• [TASK REQUIREMENTS]: Could you print exactly the lines of the listing below, starting at the line that has "ent-Frovatriptan (CAS 158930-18-8)" and ending at the line that has "Renault Clio usata a Perugia (3)", and only those lines?
--- DATA TO USE Enclosed Below ---
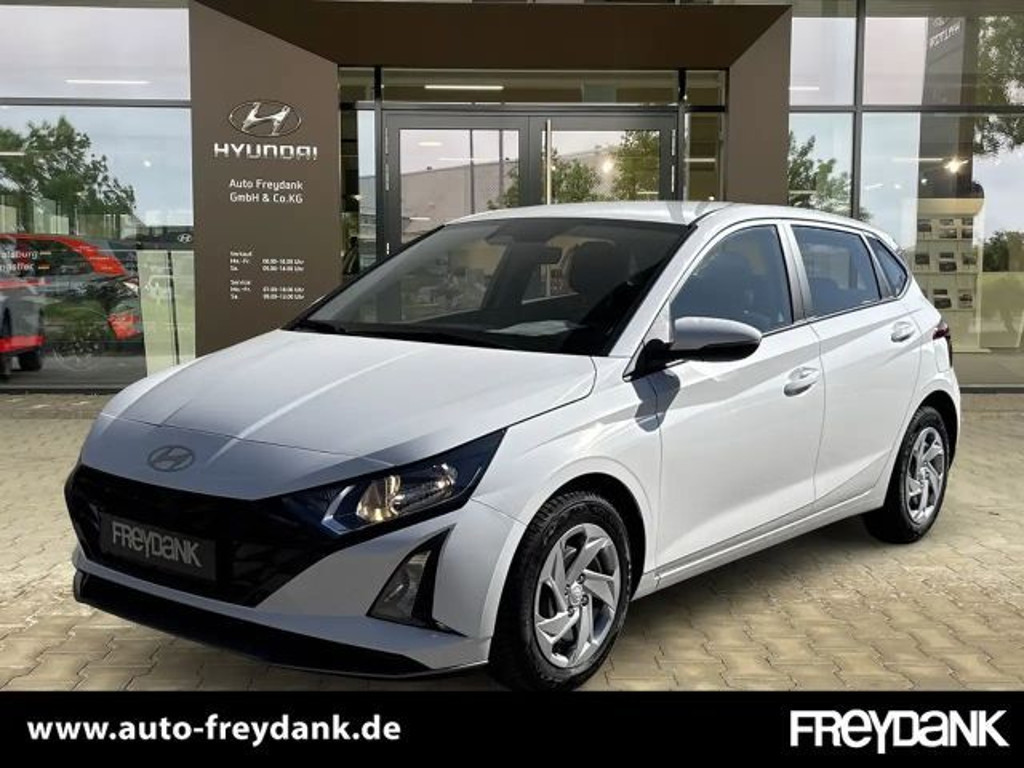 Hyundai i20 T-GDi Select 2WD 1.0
--- End of Enclosed DATA TO USE ---
--- DATA TO USE Enclosed Below ---
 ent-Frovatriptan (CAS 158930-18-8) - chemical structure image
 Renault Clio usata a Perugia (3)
--- End of Enclosed DATA TO USE ---
• [SOLUTION FOR THIS PROBLEM]:
 ent-Frovatriptan (CAS 158930-18-8) - chemical structure image
 Renault Clio usata a Perugia (3)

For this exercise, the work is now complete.